Akron runners and supporters started a campaign, raised money and took out a full-page ad in the local newspaper. It didn’t matter. Murphy cut ties with the school, revoking permission for the university to use his image for promotional purposes.

Murphy’s path illustrates what’s in jeopardy: He wasn’t highly recruited, and he never expected to run professionally. He looked for a college where he could run and earn a degree for what he imagined would be life with a 9-to-5 job. On campus, he had high-level coaching for the first time and improved each year. He won two NCAA titles and 13 conference titles. The college experience — his coaches, teammates, medical staff and all the support that comes with being a Division I athlete — helped him develop into an elite runner.

“Without one of those pieces,” Murphy said, “I don't think I would be anywhere near where I am.”

Just four of the 129 U.S. track and field athletes at the 2016 Olympics did not compete in college.
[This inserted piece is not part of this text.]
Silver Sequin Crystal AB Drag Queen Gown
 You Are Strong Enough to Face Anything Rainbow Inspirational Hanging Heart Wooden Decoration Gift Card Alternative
In swimming, only one of the 47 athletes didn’t swim in college. Some sports — including indoor volleyball, rowing, field hockey and fencing, all programs Stanford cut — had rosters made up entirely of college athletes.

John Speraw, the U.S. national team coach for men’s volleyball, said international athletes and coaches approach him with curiosity about the college-based model. At the world championships, a player from another country told Speraw he wished he had known about the opportunities to play in college. Professional coaches and national team coaches visit Speraw at UCLA, where he’s the head coach, to observe the environment and understand how it helps the athletes.
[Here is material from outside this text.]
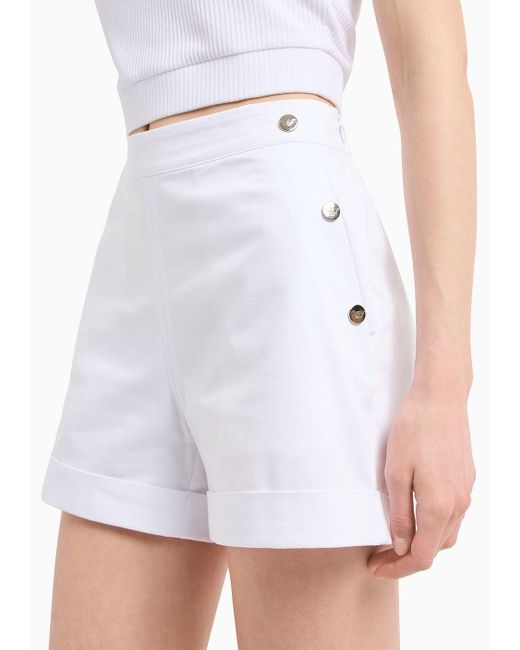 EA7 White Costa Smeralda Shorts Aus Baumwollstretch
Those resources, such as elite coaching and high-quality facilities, are why many athletes choose to keep training at their universities following graduation. When the U.S. Olympic and Paralympic Committee surveyed national team athletes during the pandemic, the organization found that more than 500 of them train on college campuses.

“That just speaks to the landscape and the reliance of our athletes to develop and utilize the system they came through to continue to try to be best in the world,” said Sarah Wilhelmi, the USOPC’s director of collegiate partnerships.

U.S. college programs act as feeder systems to the Olympics, both for American and international athletes. An additional 10 Stanford athletes represented other countries in 2016, including pole vaulter Katerina Stefanidi, a 2012 graduate who won a gold medal for Greece.

Earhart called college swimming the “secret weapon in terms of how we prepare the elite” but said its presence also impacts the sport’s whole landscape in the country. That’s why the potential erosion of the college model is so worrisome for those involved in these sports.

Speraw wonders whether parents will sign up their children for sports that don’t lead to educational opportunities. Some club teams practice at university facilities. All levels of these sports are bound together, so the trend of cutting college programs not only endangers the Olympic model but disrupts that sport’s entire pipeline and future.

“If this continues in this direction, we’re going to lose a really important part of who we are,” Speraw said. “I think it demands some pause and reflection.”